Ford Turned a Profit in Tumultuous 2009
In 2009, Ford gained market share for the first time since 1995 by posting sales only 15.6% lower than 2008, compared with the industry average drop of 21.2%.
In the last quarter of 2009, Ford vehicles took about 44 days to turn – that means it took about 44 days for a Ford vehicle to be sold after being delivered to a dealership. That was below the industry average of 48 and far below Ford’s average of about 92 days to turn in the first half of 2009.
Relatively brisk sales and tighter inventories have allowed Ford to lower costly incentives. Ford’s incentives in 2009 were only 19.2% above the industry average, whereas in 2008, Ford spent 29.7% above the industry average, according to Edmunds.com’s True Cost of Incentives analysis.

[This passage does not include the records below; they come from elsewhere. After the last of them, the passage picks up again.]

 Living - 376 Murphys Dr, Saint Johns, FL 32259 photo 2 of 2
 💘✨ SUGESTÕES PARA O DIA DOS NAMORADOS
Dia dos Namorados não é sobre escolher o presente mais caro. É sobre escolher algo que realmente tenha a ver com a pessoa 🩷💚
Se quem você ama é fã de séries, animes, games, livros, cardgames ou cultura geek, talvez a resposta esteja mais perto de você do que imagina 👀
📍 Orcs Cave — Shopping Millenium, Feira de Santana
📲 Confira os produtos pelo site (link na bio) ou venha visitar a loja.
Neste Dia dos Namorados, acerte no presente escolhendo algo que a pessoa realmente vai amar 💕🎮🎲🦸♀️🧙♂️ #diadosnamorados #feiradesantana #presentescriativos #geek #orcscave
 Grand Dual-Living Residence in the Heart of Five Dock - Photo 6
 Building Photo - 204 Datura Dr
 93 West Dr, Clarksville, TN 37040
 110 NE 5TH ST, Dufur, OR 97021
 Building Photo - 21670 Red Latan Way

As a result, Ford is discounting the price of its vehicles less. In December, Ford’s average discount was 14.4% off the sticker price, according to Edmunds.com’s analysis; the industry average was 12.4% and Ford discounts had been running as high 20% in some months during the past year.
“The company is the first of the domestics to really turn around, perhaps because Ford started the process several years ago when its product pipeline was so clearly lacking compared to GM’s and Chrysler’s,” says Karl Brauer, Edmunds.com editor in chief. “An automaker does not turn around on a single product; it turns around by introducing a string of successful products. Only a consistent level of quality and design excellence can change consumer perception and convert buyers from other brands, particularly in an atmosphere as competitive as today’s automotive market.”
Edmunds.com’s Brand Interest metric, which looks at customer consideration for new models over a four-week period, shows Ford rose to the number two spot as of January 24, moving ahead of Honda and Chevrolet, which were second and third in the previous four-week period.